Optimization: The training is still split into two stages, and the model is trained iteratively. They split after the first max, which means, first do \(\max_{\pi_\theta}\) and then do \(\min_{\mathcal{D}_R}\max_{D_F}\min_{\mathcal{D}_D}\). To deal with the \(\max_{D_F}\) among the \(\min\)s, they use a gradient reverse layer \(\mathcal G\). Which forwards in the same way, but flip the sign when backpropogating. This mean, instead of minimizing the objective, maximizing it. So they turn the whole optimization into:

\[\max_{\pi_\theta}\min_{\mathcal{D}_R, D_F, \mathcal{D}_D} \mathcal{L}_R + \lambda\mathcal{L}_D = \sum_iCE(\mathcal{D}_R(D_F(o_i), D_F(o^\prime_{i})), c_{l_i}) + \lambda\sum_iCE(\mathcal{D}_D(\mathcal{G}(D_F(o_i))), d_{l_i})\]

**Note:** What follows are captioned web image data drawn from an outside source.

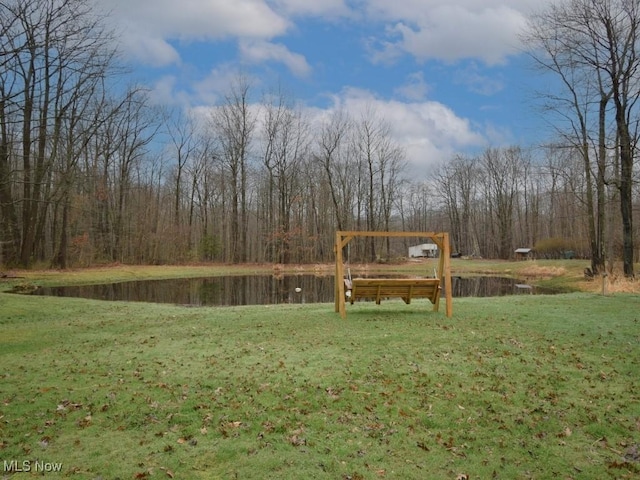 3945 Wheeler Creek Rd, Geneva, OH 44041 - view of yard with a water view and a wooded view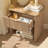 Fluted Nightstand Set of 2 With Faux Marble Top & 2" Thick Panels, 3-Sided Fluted Bedside Table Round Corner-1164591878-1164591876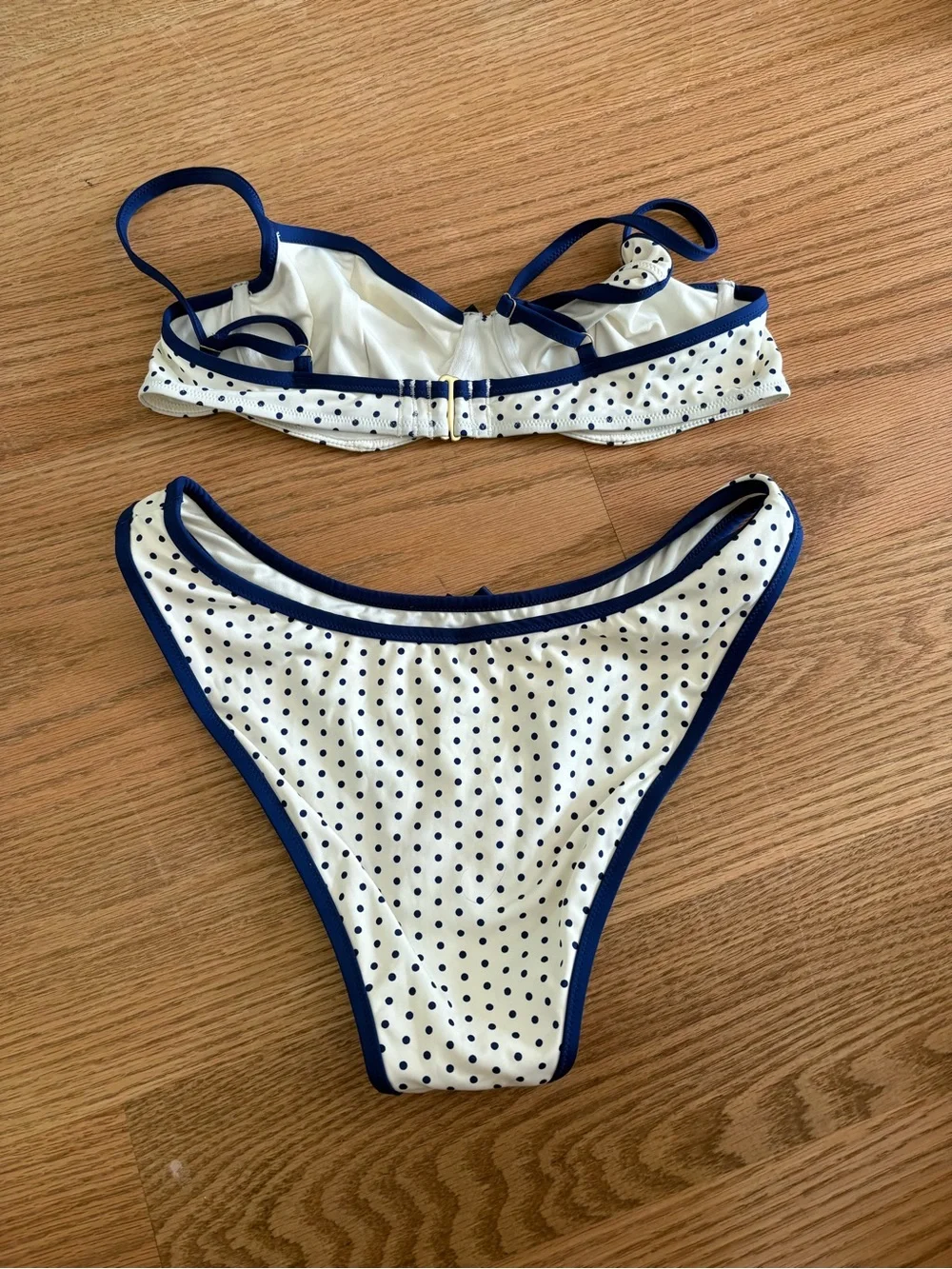 Frankie's Bikinis Cream and Navy Polka Dot Two-Piece Bikini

Note that flip the gradient is actually the same as two stage training, but doing two stages at once.

Experiment

I’m not a big fan of experiments section always (actually that’s a bad thing). They tried three tasks: pointmass, reacher and pendulum.

It seems that the domain confusion helps a lot and stablize the training. The figure 4 in the paper shows the domain confusion accuracy during training. The ideal situation is the accuracy become lower and lower until converge to 0.5. The first figure in figure 4 is quite good. However, in the second one, the accuracy was bad at the beginning, and in the third one, the accuracy goes up again. It’s a little unexpected.

Conclusion

In general, I like this paper very much. However, I don’t know how hard to make a GAN work, especially this is a GAN in GAN. I haven’t tried training a GAN before, but I heard that GAN is really hard to train. Should try some GAN some day.